“David Lee Roth may be a world class ass but he does have a way with a one-liner, such as, ‘The reason more rock critics like Elvis Costello than Van Halen is that more rock critics look like Elvis Costello than Van Halen.’ Which is my way of saying, I guess I’m just not a critic, because I’ve never been an overwhelming Elvis C fan (more of an appreciator really), and most of his tracks that I do really like, you’ve probably already heard them a bunch, and thus they exude allergy potential. But not Green Shirt from 1979’s Armed Forces. I never heard too much Green Shirt. Tight, sharp, and smart as pop.” (Philip Random)

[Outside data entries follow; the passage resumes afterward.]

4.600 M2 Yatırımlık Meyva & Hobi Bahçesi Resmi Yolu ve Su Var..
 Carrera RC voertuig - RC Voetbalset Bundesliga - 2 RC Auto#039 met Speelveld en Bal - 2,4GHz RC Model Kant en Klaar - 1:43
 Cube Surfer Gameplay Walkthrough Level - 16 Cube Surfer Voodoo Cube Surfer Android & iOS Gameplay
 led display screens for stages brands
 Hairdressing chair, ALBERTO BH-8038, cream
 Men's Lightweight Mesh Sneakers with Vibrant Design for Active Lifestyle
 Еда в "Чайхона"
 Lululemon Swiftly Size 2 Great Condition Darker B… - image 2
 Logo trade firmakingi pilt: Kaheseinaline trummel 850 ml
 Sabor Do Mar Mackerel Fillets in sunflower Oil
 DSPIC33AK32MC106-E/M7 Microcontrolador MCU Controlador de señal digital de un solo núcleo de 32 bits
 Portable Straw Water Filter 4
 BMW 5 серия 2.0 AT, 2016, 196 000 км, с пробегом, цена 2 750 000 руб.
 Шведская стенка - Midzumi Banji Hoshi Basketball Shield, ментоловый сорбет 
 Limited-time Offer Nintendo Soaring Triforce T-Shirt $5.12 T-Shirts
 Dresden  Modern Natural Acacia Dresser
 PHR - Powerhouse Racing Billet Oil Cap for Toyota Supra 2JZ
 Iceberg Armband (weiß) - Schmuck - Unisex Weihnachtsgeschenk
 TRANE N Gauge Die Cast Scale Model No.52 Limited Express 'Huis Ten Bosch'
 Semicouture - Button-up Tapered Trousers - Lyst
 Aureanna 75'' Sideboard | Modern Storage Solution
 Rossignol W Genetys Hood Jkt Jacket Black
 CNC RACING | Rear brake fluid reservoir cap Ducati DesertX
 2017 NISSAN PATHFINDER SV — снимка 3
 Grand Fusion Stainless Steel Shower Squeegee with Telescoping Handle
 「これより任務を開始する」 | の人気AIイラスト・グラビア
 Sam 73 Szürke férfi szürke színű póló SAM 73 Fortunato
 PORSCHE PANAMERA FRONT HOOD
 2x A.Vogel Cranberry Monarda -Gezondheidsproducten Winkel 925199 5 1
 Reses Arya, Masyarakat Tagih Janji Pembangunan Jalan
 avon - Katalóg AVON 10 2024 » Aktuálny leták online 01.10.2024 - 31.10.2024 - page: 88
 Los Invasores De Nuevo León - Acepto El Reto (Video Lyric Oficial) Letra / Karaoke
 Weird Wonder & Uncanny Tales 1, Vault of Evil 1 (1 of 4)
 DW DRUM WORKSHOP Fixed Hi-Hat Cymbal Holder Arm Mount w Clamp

“See Emily Play is one of those tracks that was a big hit in the UK, but missed pretty much completely in the Americas, the upside being, I never got overexposed. In fact, I never even heard it until at least 1980 when I stumbled across a cassette copy of Relics (a 1971 compilation). And fine it was. Because what better time and place than a bleak Canadian midwinter, almost thirteen years after the fact, to finally catch the peak of London’s psychedelic spring via Emily and the free games she dared playe? It still feels like sunshine, every time I hear it. Shine on, Mr. Barrett.” (Philip Random)
If nothing else, Brian Eno’s Another Green World has a perfect title. Put it on and you get transported to a very agreeable yet very different place. Alien even. Yet oh so green and achingly beautiful, like a dream, vaguely remembered via odd, mostly pleasant, always strange fragments, with St. Elmo’s Fire an actual pop song easing from the mists halfway through side one, deepening the mystery, because what the hell is St. Emo’s Fire but a mystery? And there’s a superlative Robert Fripp guitar solo.
“This one came our way in 1979 (c/o London Calling, arguably the greatest album of any and all time), but it never had more currency for me than the summer of 1984. We dropped a lot of LSD that summer, in our mid-twenties by then. Old enough to know better, of course, or maybe just go further, higher, deeper through the absurdities of the ever corroding western world whose edges and holes and voids we felt compelled to explore. This meant going public with acid in our veins, taking it to malls, video arcades, strip joints, crowded downtown streets, fair grounds, everywhere, every weird and ugly thing. Getting lost in the supermarket, we called it.” (Philip Random)
An early single provides strong evidence that Bauhaus were far more than just a goth outfit (the term didn’t even exist until after they’d split up). What they were was smart, innovative, never remotely boring, with Terror Couple Kill Colonel working all manner of studio exploration to get seductively under the skin, into the blood.
Wherein the Human League pound home the point (with big beat and propulsive groove) that the times are always hard. It just depends where you’re sitting, or in this case, dancing. A track that never got released on an album but all the club DJs found it anyway. Do You Want Me Baby? may have been the big deal hit at the time, but it took Hard Times to burn down the house (and perhaps the Empire).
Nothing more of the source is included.